*What to produce*:
Given these entries, repeat exactly the lines starting with the one that has "هاب USB-C پنج" and going on through the one that has "25 Count Cat", both included, but none of the pictures.

*Listed entries*:
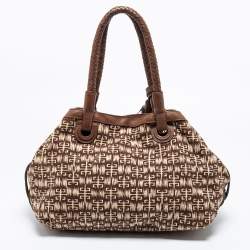 Pre Owned حقيبة كتف جيفنشي جلد وكانفاس بني مونوغرامي بشراشيب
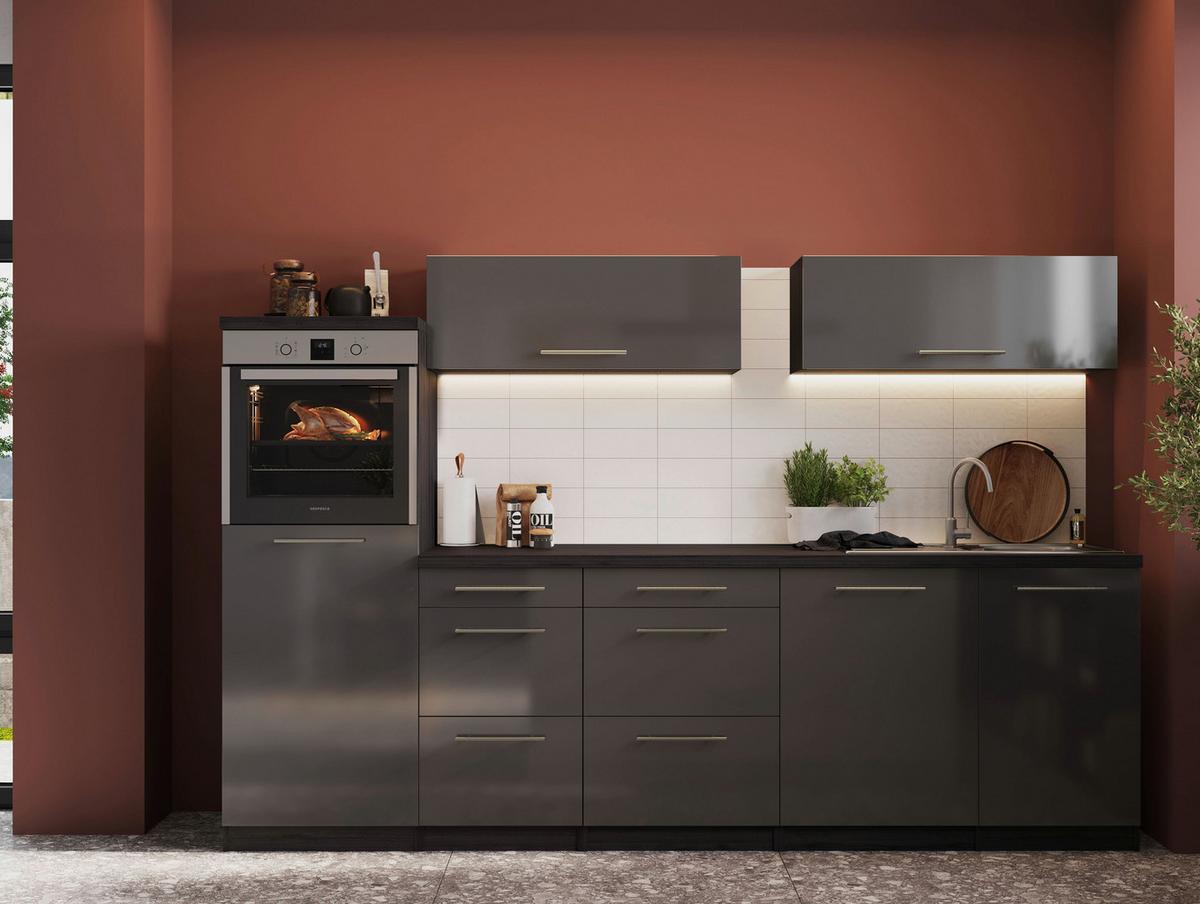 Küchenzeile Premium mit Geräte 280 cm Grau mit Kochinsel - Eichefarben/Grau, Basics, Holzwerkstoff (280/160cm) - Respekta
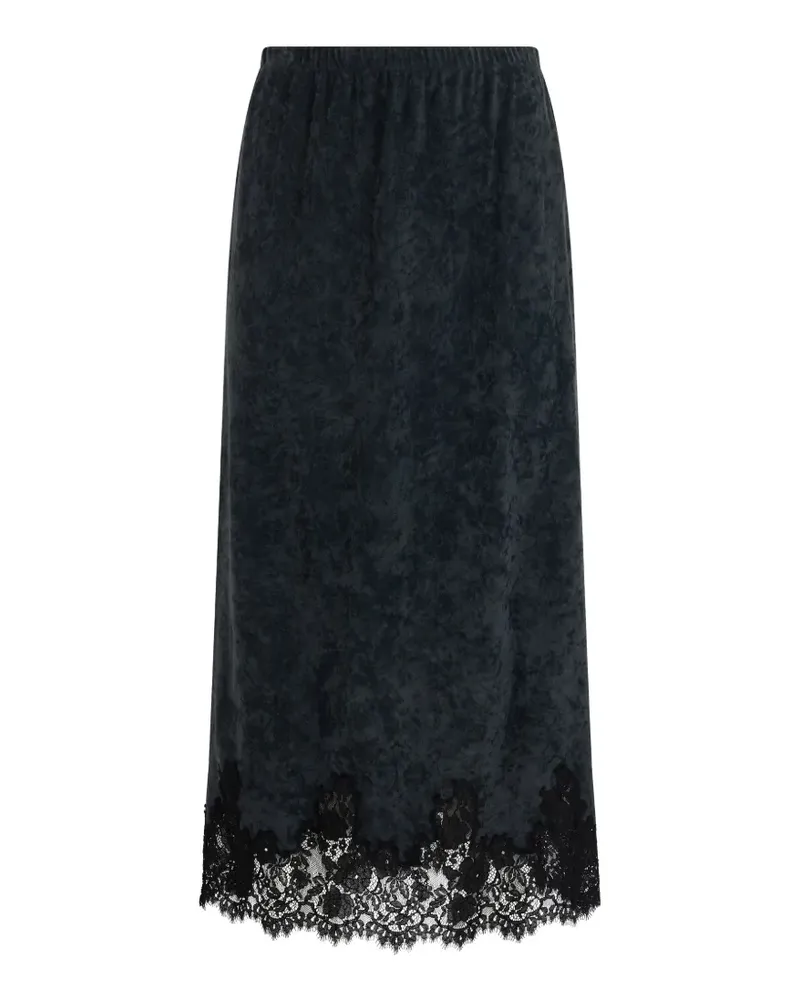 Alberta Ferretti mid lace-trim flared skirt - Grau Grau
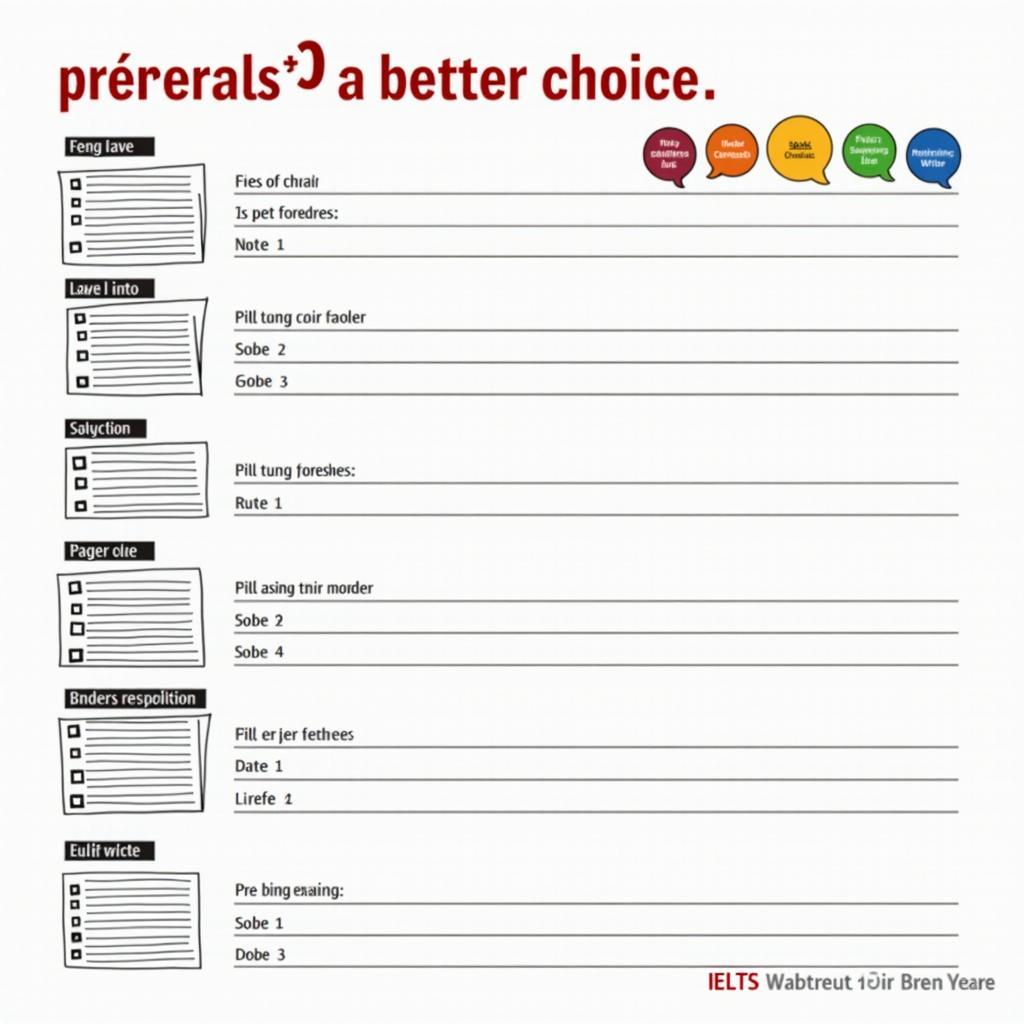 Hình minh họa các dạng bài tập thực hành cấu trúc Preferably Better Choice cho IELTS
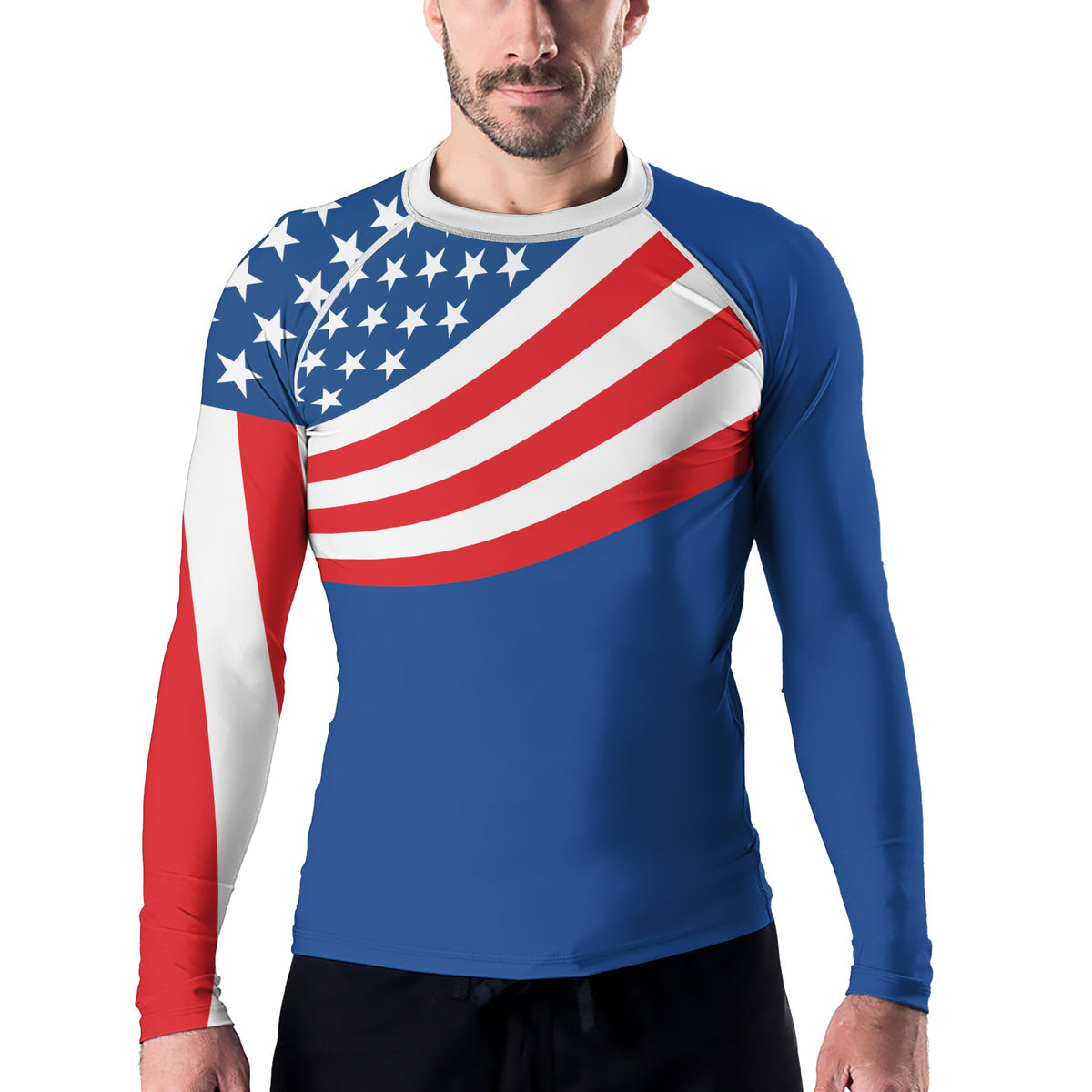 Rashninja USA Flag Patriotic Men's Long Sleeve Rash Guard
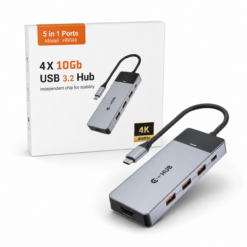 هاب USB-C پنج پورت HOPDAY HB046 با خروجی HDMI 4K 60Hz، USB 3.2 و سرعت 10Gbps
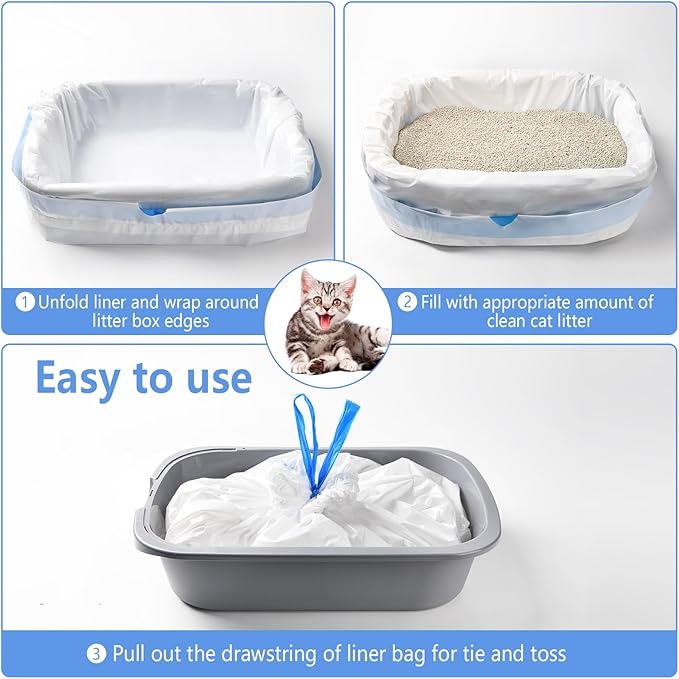 25 Count Cat Litter Liners Large 37x19" Jumbo Drawstring Litter Bags Extra-Thick Cat Litter Box Liners Heavy Duty Kitty Pan Liners for Easy Cleanup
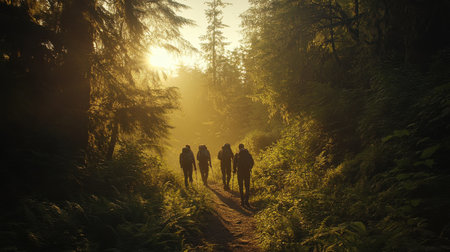Groups of hikers walk along a winding trail in a vibrant forest, illuminated by warm sunlight filtering through the trees. The atmosphere is serene and tranquil.の素材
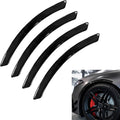 4 PCS Car Wheel Tire Eyebrow Strips, Wheel Arch Protector, Carbon Fiber Fender Flare Lip Trim, Self Adhesive Anti Scratch Decorative Guards for Truck SUV Auto Body Edge Universal (Black)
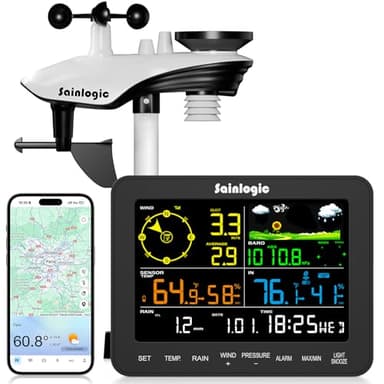 Sainlogic Station météo intelligente avec WLAN, Prévisions météo IA 24/7 par Weatherseed®, Alertes APP et E-mail, Anémomètre Numériques, Stockage de données de 2 ans (Uniquement 2.4 GHz)
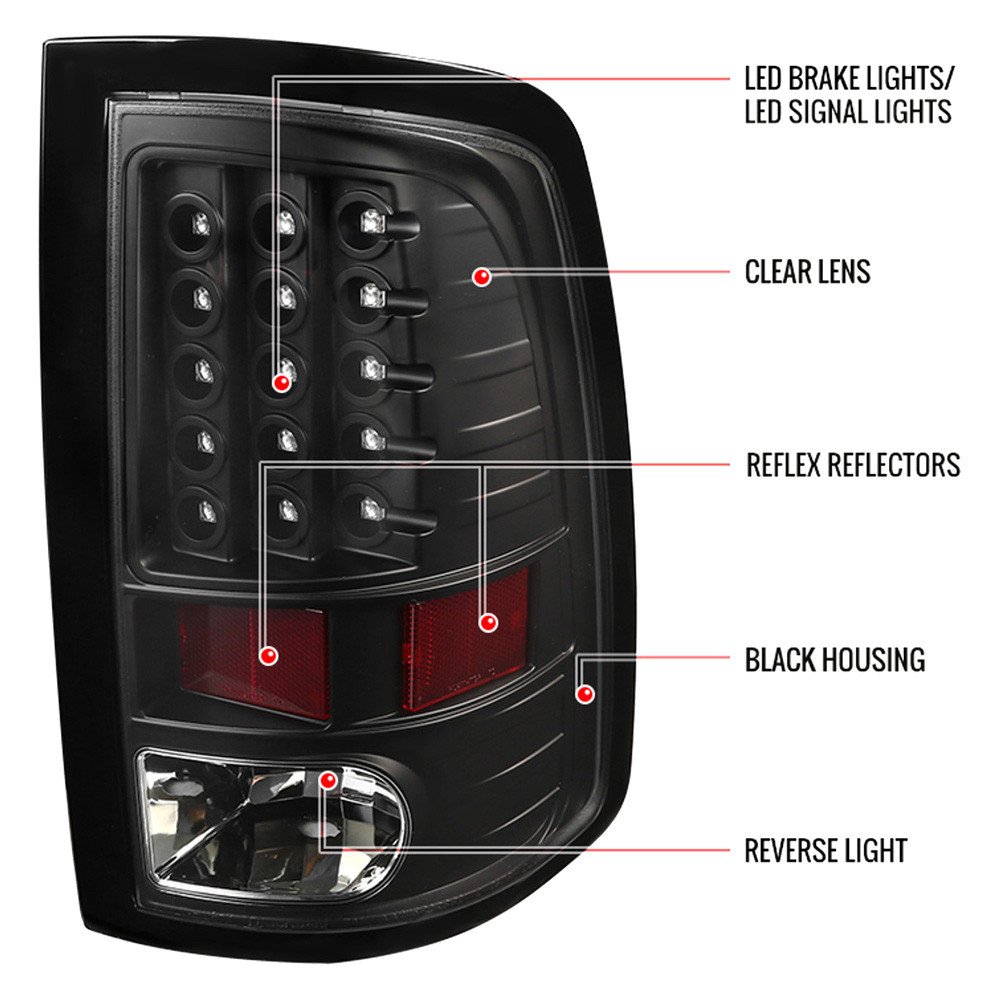Fits 2009-2018 Dodge RAM 1500 / 2019-2021 RAM Classic / 2010-2018 RAM 2500 3500 LED Tail Lights - V2 (Matte Black Housing/Clear Lens) - Image 2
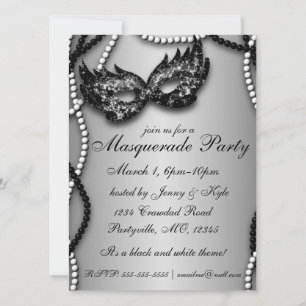 Invitations Masquerade Party noir et blanc Masque
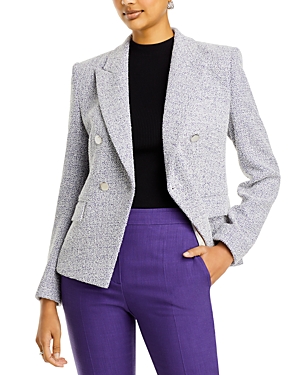 Shop Hugo Boss Jocanah Double Breasted Blazer In Mulberry Purple Boucle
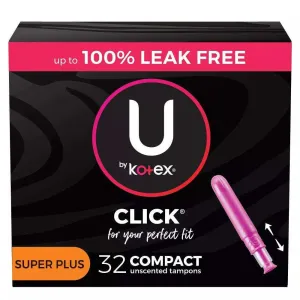 U by Kotex Click Compact Tampons, Super Plus Absorbency - 32 ct.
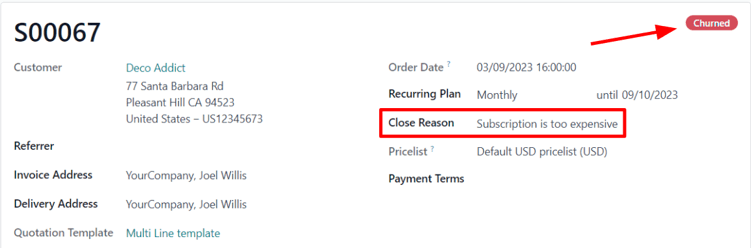 A churned sales order for a closed subscription in Cobuild Subscriptions.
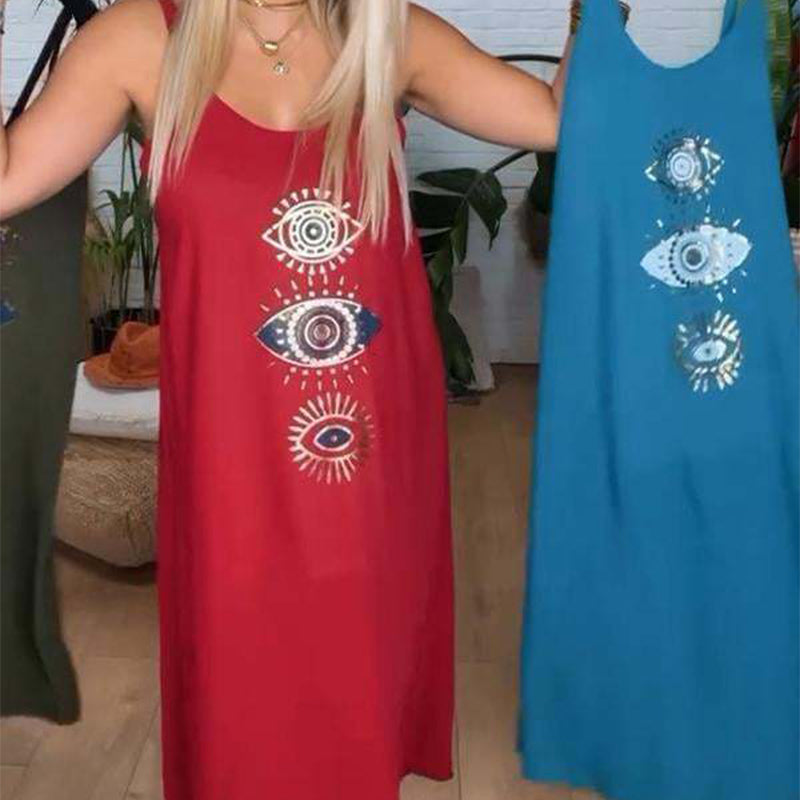 🔥Dámské dlouhé šaty bez rukávů s očkovým vzorem👗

*Solution for this task*:
 هاب USB-C پنج پورت HOPDAY HB046 با خروجی HDMI 4K 60Hz، USB 3.2 و سرعت 10Gbps
 25 Count Cat Litter Liners Large 37x19" Jumbo Drawstring Litter Bags Extra-Thick Cat Litter Box Liners Heavy Duty Kitty Pan Liners for Easy Cleanup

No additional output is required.